Thursday, April 21, 2011

Supreme Court Won't Review Case Allowing IRS To Proceed Against IRA Based On Pre-Bankruptcy Liens

Miles v. Comm., (CA 9 10/07/2010) 106 AFTR 2d 2010-6563, cert denied 4/18/2011

The Supreme Court has refused to review the decision of the Court of Appeals for the Ninth Circuit, that held that IRS could proceed with collection of a taxpayer's tax liability from IRA funds which had been subject to IRS liens before the taxpayer's filing for bankruptcy. The preexisting liens on her IRA remained enforceable post-bankruptcy discharge.
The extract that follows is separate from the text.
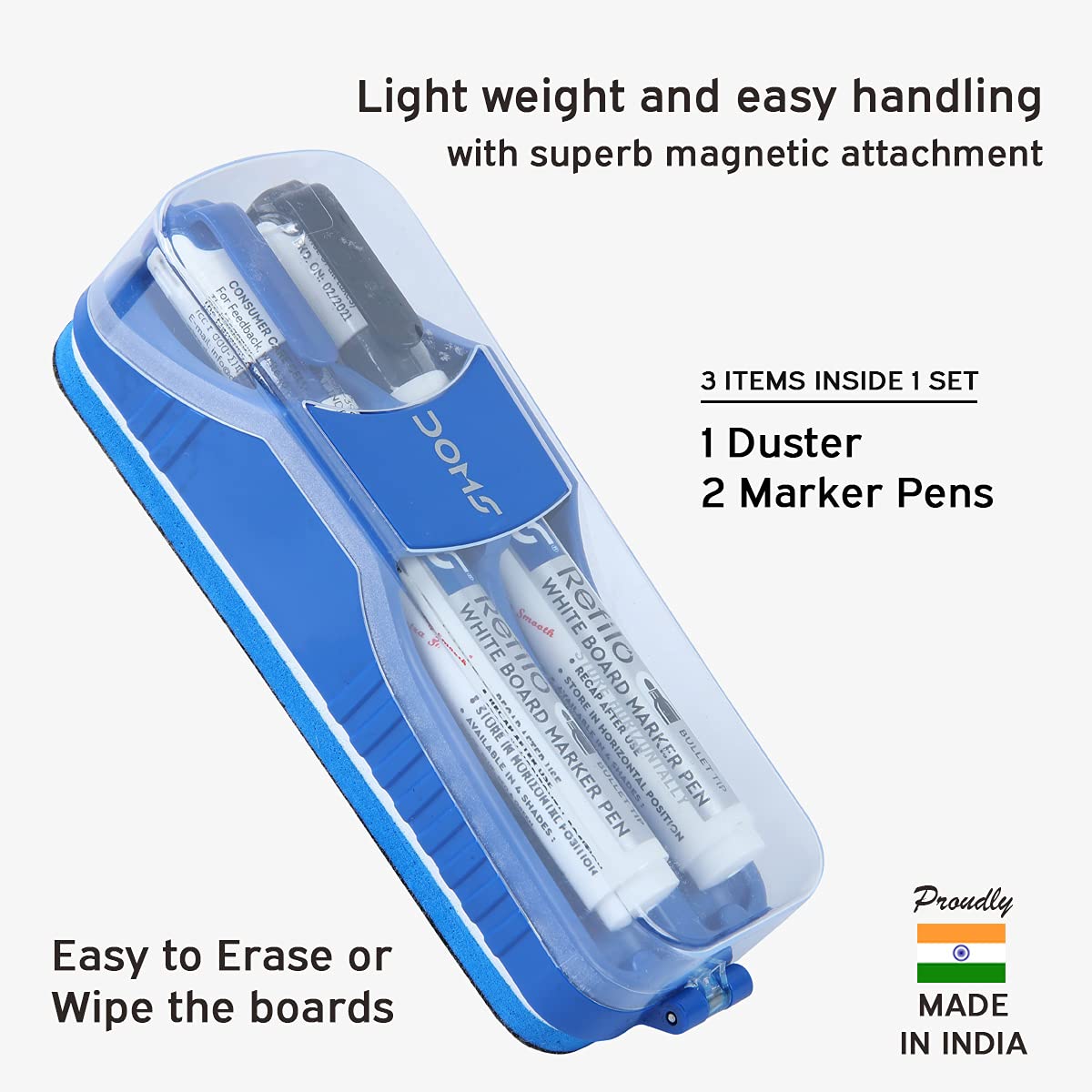 Doms Magnetic Whiteboard Duster With 2 Whiteboard Marker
Background. Under Code Sec. 6321, when a taxpayer fails to pay a tax liability after notice and demand, a lien arises that attaches to all the taxpayer's property and rights to property. Under Code Sec. 6331, IRS is authorized to seize and sell the taxpayer's property and rights to property subject to a federal tax lien. Thus, IRS may seize any property or property right (unless it's exempt under Code Sec. 6334(a)) of a delinquent taxpayer (whether held by him or someone else), sell it, and apply the proceeds to pay the unpaid taxes. Seized property may be real, personal, tangible, or intangible, including receivables, bank accounts, evidences of debt, securities, and salaries, wages, commissions or compensation. (Code Sec. 6331(a), Reg. §301.6331-1(a))

Facts. In’98 and’99, IRS filed federal tax liens for Corrie Miles'‘97 and’98 tax liabilities that attached to her IRA. In 2003, she filed a petition under Chapter 7 of the U.S. Bankruptcy Code in the bankruptcy court, which discharged her’96,’97, and’98 tax liabilities in August of 2003.
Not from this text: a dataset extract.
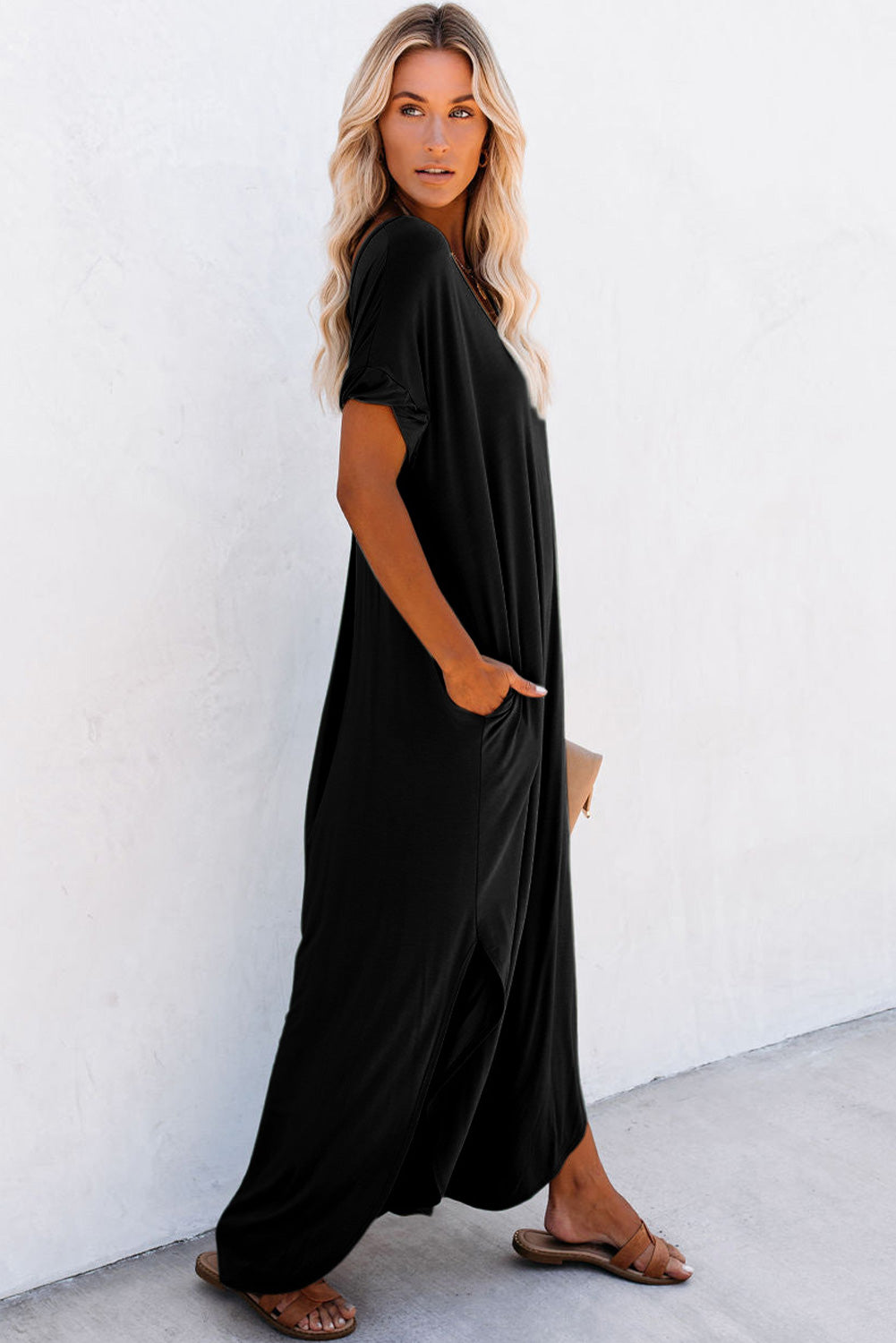 Grass Green V Neck Hidden Pocket Splits Maxi T-shirt Dress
Appellate court. The Ninth Circuit, affirming the Tax Court, concluded that although the bankruptcy court discharged Miles' personal tax liability, the preexisting liens on her IRA remained enforceable post-discharge. Accordingly, IRS could proceed in rem against Miles' IRA to the extent of $142,545.90—the amount of the pre-petition funds in her IRA.

The Ninth Circuit found that the Tax Court had properly concluded that the liens remained valid even after Miles allegedly transferred her IRA into an ERISA-qualified plan. The transfer of property following the attachment of a lien didn't affect the lien itself. Thus, Miles couldn't in effect extinguish the lien by transferring the IRA funds to a different account. Any funds Miles transferred from her IRA to an ERISA-qualified plan were subject to levy by the IRS under Code Sec. 6331.
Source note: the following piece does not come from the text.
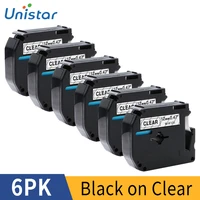 unistar 6 pcs compatible brother label printer ribbons mk131 black on clear 12mm brother tape plastic label tpae 12mm m k131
The Ninth Circuit also found that the Tax Court properly rejected Miles' assertion that she had no existing property rights in an ERISA account that was not in “payout” status.

No further review. On Apr. 18, 2011, the Supreme Court refused to review the decision of the Court of Appeals for the Ninth Circuit in Miles.

References: For property subject to levy, see FTC 2d/FIN ¶V-5200; United States Tax Reporter ¶63,314.03; TaxDesk ¶902,200; TG ¶71935.